The help needs to be differentiated into three areas. The first comprises sanitation work, cleaning of surfaces, making beds – this can be done by anybody. I did that as a freshman at the Faculty of Medicine, and likewise it can be done by a soldier, firefighter or a non-medical student. Then there is the work of nurses – administering medication, checking pulse and blood pressure, perhaps also some types of blood collection – and this is where medical students could indeed be of practical use, especially those with completed eight semesters. After all, the amended legislation already makes it possible to hire them as practical nurses. Under supervision of an experienced ward sister they can learn the required skills and combine the help to the hospital with practical learning. But students in their fifth and sixth years of medicine should never have to be performing unskilled work as part of civilian duty, thus being prevented from fulfilling the requirements for getting properly prepared for their future profession.
How is your faculty responding to the current epidemiological situation and the measures in place?
We are calling upon our students and staff to respect the measures to the maximum extent. We have both groups quite well vaccinated by two doses. Older staff should get a third one after five months, and students after six months, so that the spreading of covid in the hospital and at the faculty is minimized. We are making sure that the non-vaccinated employees and those who had the illness are getting tested – for instance in the Charles University Testing Centre in Celetná, or in the hospital, or at the workplace. Tests are available, we have bought enough.
Nonetheless, even though the vaccination rate among our students and staff is high, we are putting restrictions on certain events – we cancelled the pre-Christmas gathering of faculty management with heads of clinics and academic senators that was scheduled for December 9. For a smaller number of registered listeners, and only for vaccinated ones and those who had covid, we are organizing a concert in Karolinum on December 6. Everything is already prepared. Instead of the ball that had to be cancelled we will announce the Teacher of the Year Award winner and I would also like to take the opportunity to introduce the newly elected dean.
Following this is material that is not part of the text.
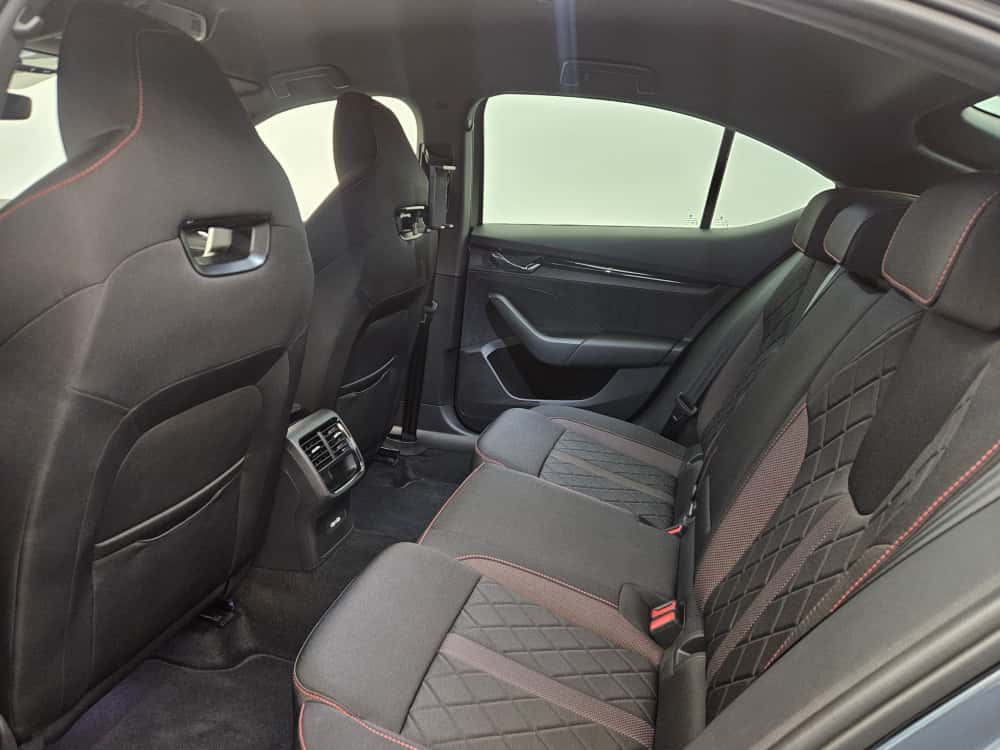 SKODA Octavia RS PHEV-image-12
Are we going to test the vaccinated?
The measures in effect do not mandate testing of the vaccinated. Therefore, as of now we are not.
How do you assess the presentation of manifestos and personalities prior to the election of the dean last week, in which the senate elected Professor Marek Babjuk?
Both candidates, Professor Babjuk as well as Professor Lebl, played fair, I have not noticed any below-the-belt comments or invectives. They were in agreement about faculty development, scientific programs and investments, they also had a similar view on cost-centre management. One of the candidates was more specific whereas some goals presented by the other one seemed to me as not very realistic. But then again, when I look back at my own pre-election manifesto, I have managed to implement about two-thirds of it. Certain things simply do not get done regardless of the dean´s personality and effort. I am glad that Professor Babjuk (who in the past eight years belonged to the more hardworking vice deans) has won with such a strong mandate (Prof. Babjuk got 19 votes out of 24).